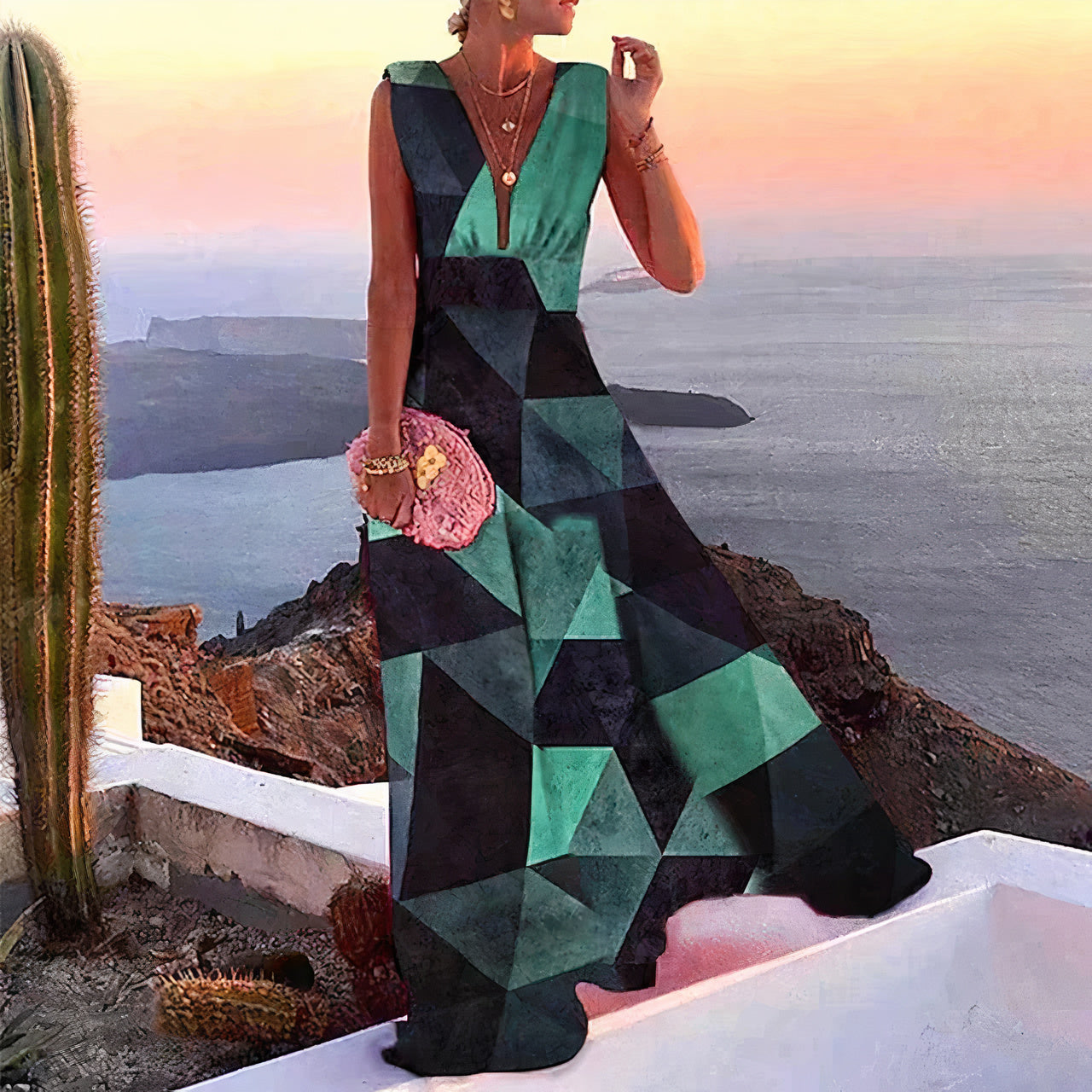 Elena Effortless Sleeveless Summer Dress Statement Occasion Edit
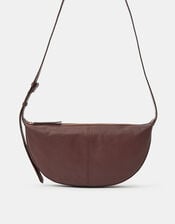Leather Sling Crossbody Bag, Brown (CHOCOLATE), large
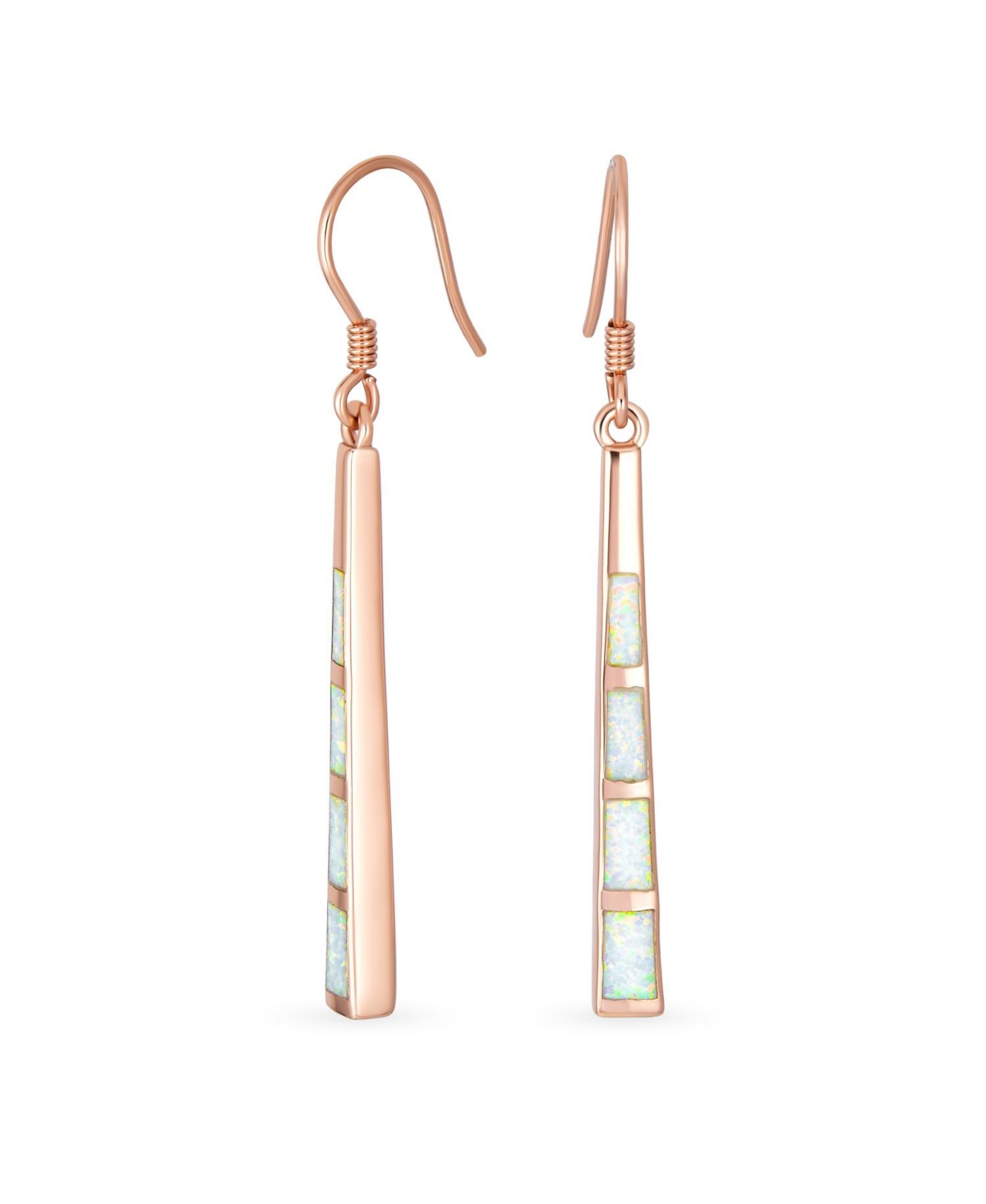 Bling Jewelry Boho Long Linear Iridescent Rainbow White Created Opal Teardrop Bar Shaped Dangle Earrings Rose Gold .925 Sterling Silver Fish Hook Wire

About this exercise: Transcribe the listing exactly; omit all images.

Exercise answer:
 Elena Effortless Sleeveless Summer Dress Statement Occasion Edit
Leather Sling Crossbody Bag, Brown (CHOCOLATE), large
 Bling Jewelry Boho Long Linear Iridescent Rainbow White Created Opal Teardrop Bar Shaped Dangle Earrings Rose Gold .925 Sterling Silver Fish Hook Wire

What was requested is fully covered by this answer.